THE TASK
Across all the lines of the following material, count those that include the word "Photo" and give only the result.

MATERIAL FOR THIS EXERCISE
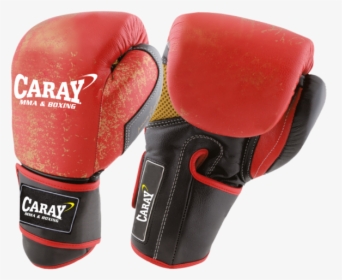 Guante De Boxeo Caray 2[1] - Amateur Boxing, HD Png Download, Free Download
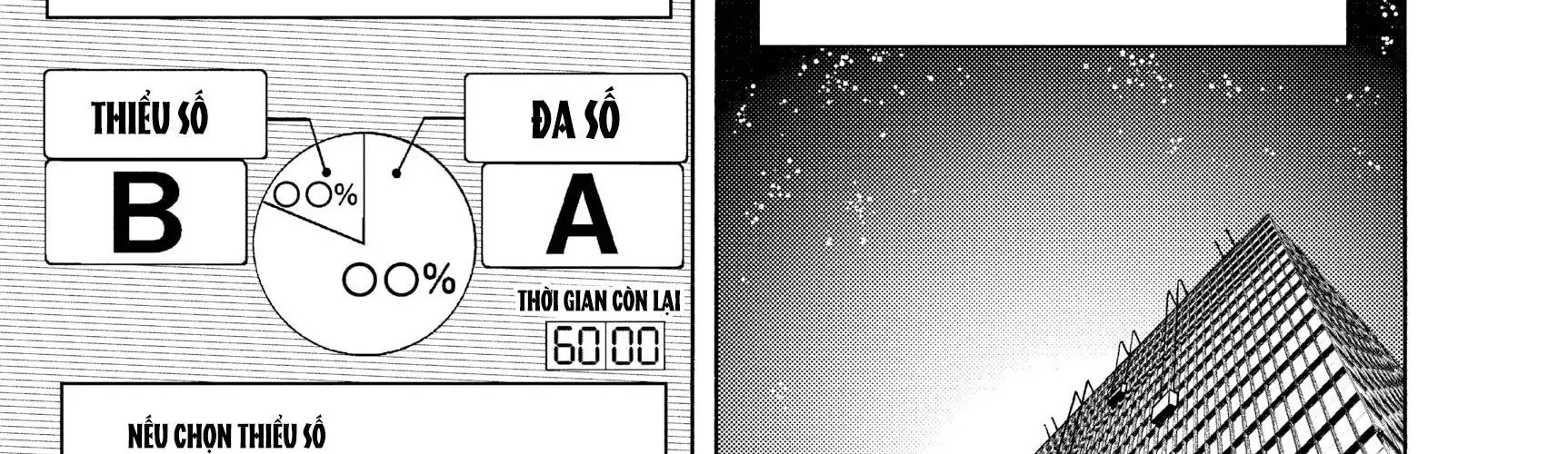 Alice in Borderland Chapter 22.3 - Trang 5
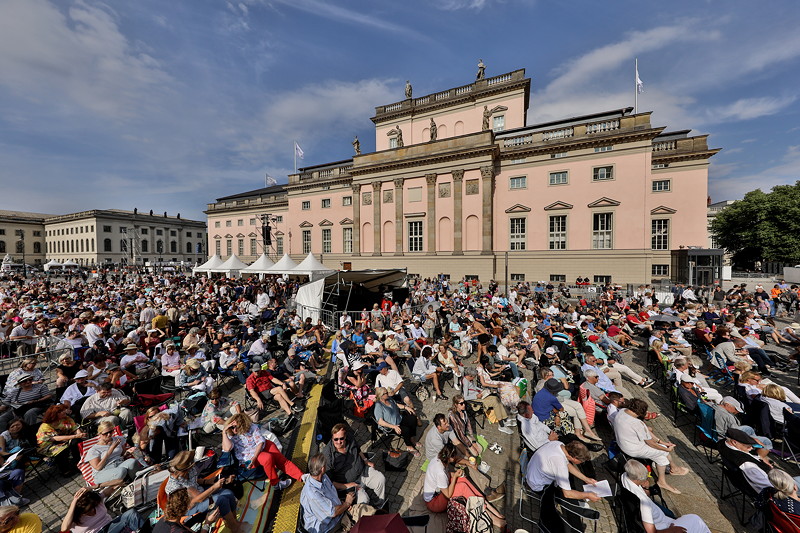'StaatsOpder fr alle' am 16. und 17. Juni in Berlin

==

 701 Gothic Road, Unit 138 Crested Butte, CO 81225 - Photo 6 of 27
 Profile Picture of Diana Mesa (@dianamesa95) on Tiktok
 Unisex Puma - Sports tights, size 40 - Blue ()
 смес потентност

* * *

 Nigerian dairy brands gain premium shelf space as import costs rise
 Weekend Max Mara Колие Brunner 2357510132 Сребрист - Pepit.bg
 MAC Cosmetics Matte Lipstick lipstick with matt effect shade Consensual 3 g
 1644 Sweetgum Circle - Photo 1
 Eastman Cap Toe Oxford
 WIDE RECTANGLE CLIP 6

RESPONSE TO THE EXERCISE
2